Tuesday, March 4, 2025

Collate / index-list

I was talking to Arthur Gleckler last night and he mentioned that he had been making good use of a function he called index-list. This function takes two selector functions and a list of objects. The first selector extracts a key from each object, and the second selector extracts a value. A table is returned that maps the keys to a list of all the values that were associated with that key.

I had to laugh. I had written the same function a few month back. I called it collate.

Here is Arthur’s version in Scheme:

(define (index-list elements table choose-data choose-key)
  "Given a hash table ‘table’, walk a list of ‘elements’ E, using
‘choose-key’ to extract the key K from each E and ‘choose-data’ to
extract a list of data D from each E.  Store each K in ‘table’ along
with a list of all the elements of all the D for that K."
  (do-list (e elements)
    (hash-table-update!/default
     table
     (choose-key e)
     (lambda (previous) (append (choose-data e) previous))
     ’()))
  table)

And here is my version in Common Lisp:

(defun collate (list &key (key #’car) (test #’eql)
                               (merger (merge-adjoin :test #’eql)) (default nil))
  (let ((table (make-hash-table :test test)))
    (dolist (element list table)
      (let ((key (funcall key element)))
        (setf (gethash key table)
              (funcall merger (gethash key table default) element))))))

So how do they differ?

  • Arthur’s version takes the hash table as a parameter. This allows the caller to control the hash table’s properties. My version creates a hash table using the test parameter, which defaults to eql.
  • Arthur’s version uses choose-key to extract the key from each element. My version uses key, which is a keyword parameter defaulting to car. My choice was driven by the convention of Common Lisp sequence functions to take a :key parameter.
  • Arthur’s version uses a default value of ’() for the entries in the hash table. My version uses the :default keyword argument that defaults to ’().
  • Arthur’s version uses choose-data to extract the datum in each element. My version uses the :merger keyword argument to specify how to merge the entire element into the table. If you only want a subfield of the element, you can compose a selector function with a merger function.
  • Arthur’s version uses append to collect the data associated with each element.
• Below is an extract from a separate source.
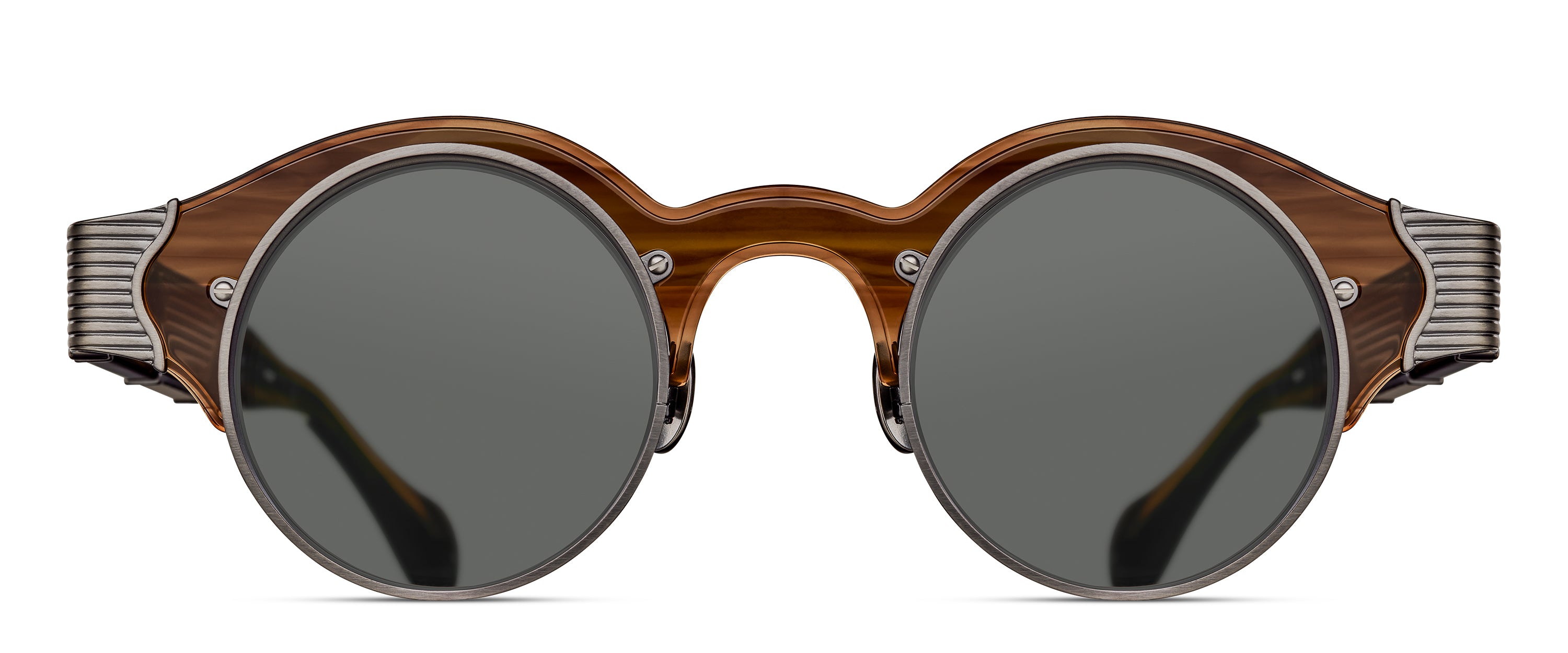 Matsuda Matsuda 10605H Sunglasses ANTIQUE SILVER Front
My version uses a merger function to merge the element into the entry in the hash table. The default merger is merge-adjoin, which uses adjoin to add the element to the list of elements associated with the key. merge-adjoin is paramterized by a test function that defaults to eql. If the test is true, the new data is not merged, so the result of (merge-adjoin #’eql) is a list with no duplicates.
  • If you instead specify a default of 0 and a merger of (lambda (existing new) (+ existing 1)) you get a histogram.
  • Another merger I make use of is merge-unique, which ensures that all copies of the data being merged are the same, raising a warning if they are not.
  • Finally, I occasionally make use of a higher-order merger called merge-list that takes a list of mergers and applies them elementwise to two lists to be merged. This allows you to create a singleton aggregate merged element where the subfields are merged using different strategies.
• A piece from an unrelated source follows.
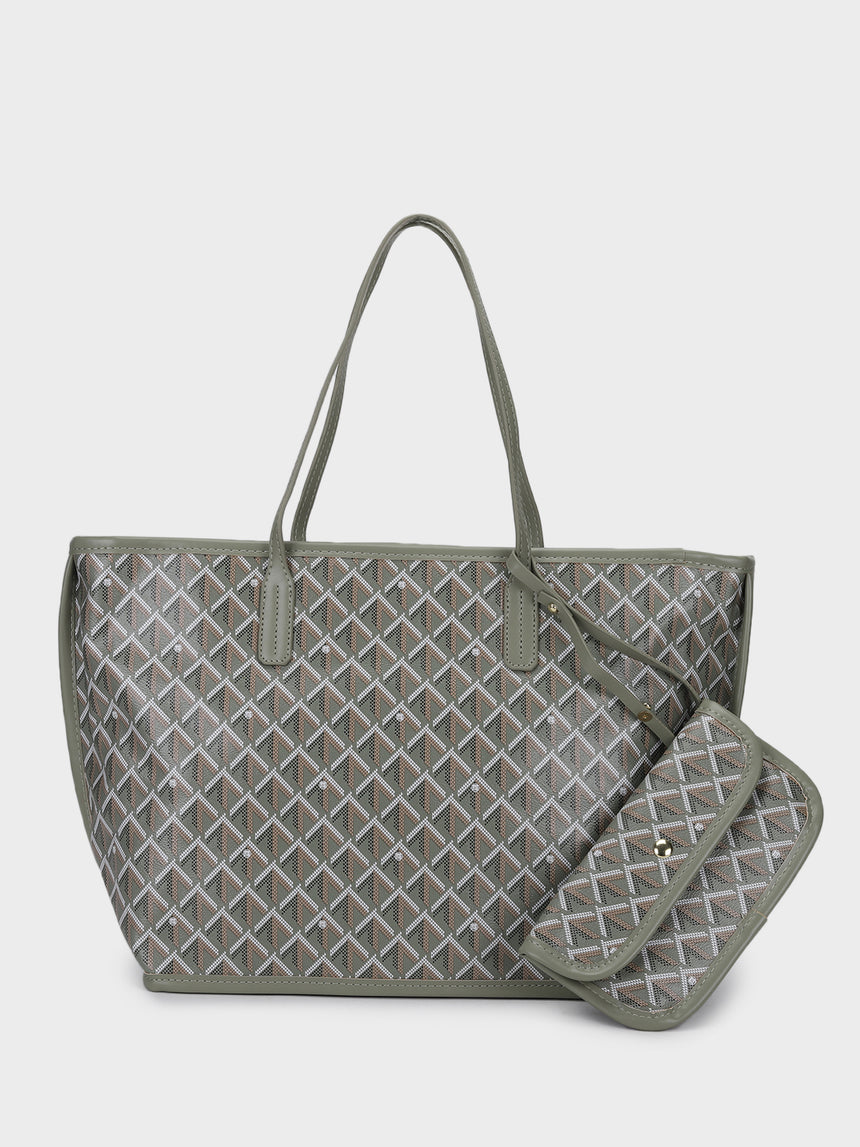 Grey Yara Tote Bag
Like Arthur, I found this to be a very useful function. I was auditing a data set obtained from GitHub. It came in as a flat list of records of users. Each record was a list of GitHub org, GitHub ID, and SAML/SSO login. Many of our users inadvertently have multiple GitHub IDs associated with their accounts. I used my collate function to create a table that mapped SAML/SSO login to a list of all the GitHub IDs associated with that login, and the list of orgs where that mapping applies.